ICE cotton dropped to a seven-week low on Monday after China announced plans to slash imports next year, a long-awaited announcement that confirmed market fears that a policy overhaul will remove the world's top buyer from the market. The benchmark December cotton contract on ICE Futures US fell 1.8 cents, or 2.8 percent, to settle at 62.59 cents a lb. It earlier plunged by more than 2 cents to as low as 62.22 cents a lb.
China will cut import quotas for 2015 to the 894,000 tonnes, or about 4.1 million 480-lb bales, as required under World Trade Organisation commitments. The move would nearly halve the US government's forecast of China's import demand of 8 million bales for the 2014-15 crop year that began on August 1. The statements are the latest details that China has shared regarding the rollout of the policy overhaul it announced earlier this year that has pressured benchmark ICE futures some 25 percent in the year to date.
Any news on policy changes by Beijing has been widely watched for its impact on global trade flows. China said in January it would move to a farmer subsidy program, stoking worries that the country's import demand would plummet at the same time that farmers in key producers, including India and the United States, harvest bumper crops.

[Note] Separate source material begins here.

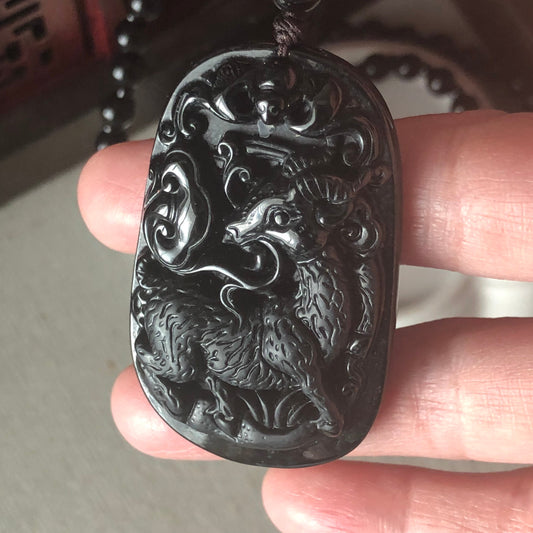 49.4mm Omphacite Black Jade Carved Ram Landscape Pendant with Bead Necklace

China's three-year stockpiling program propped up prices, drove huge demand for foreign fibre and left the country's reserves big enough to feed domestic demand for over a year. "When the No 1 buyer in the world is doing everything it can to avoid buying (foreign) cotton, you have a problem," said Jack Scoville, a vice president with Price Futures Group in Chicago. The selloff gathered steam as trading volumes picked up in New York, with ICE prices following China's futures lower. Second-month futures in China dropped to a more than five-year low of 12,805 yuan per tonne (about 95 cents per lb).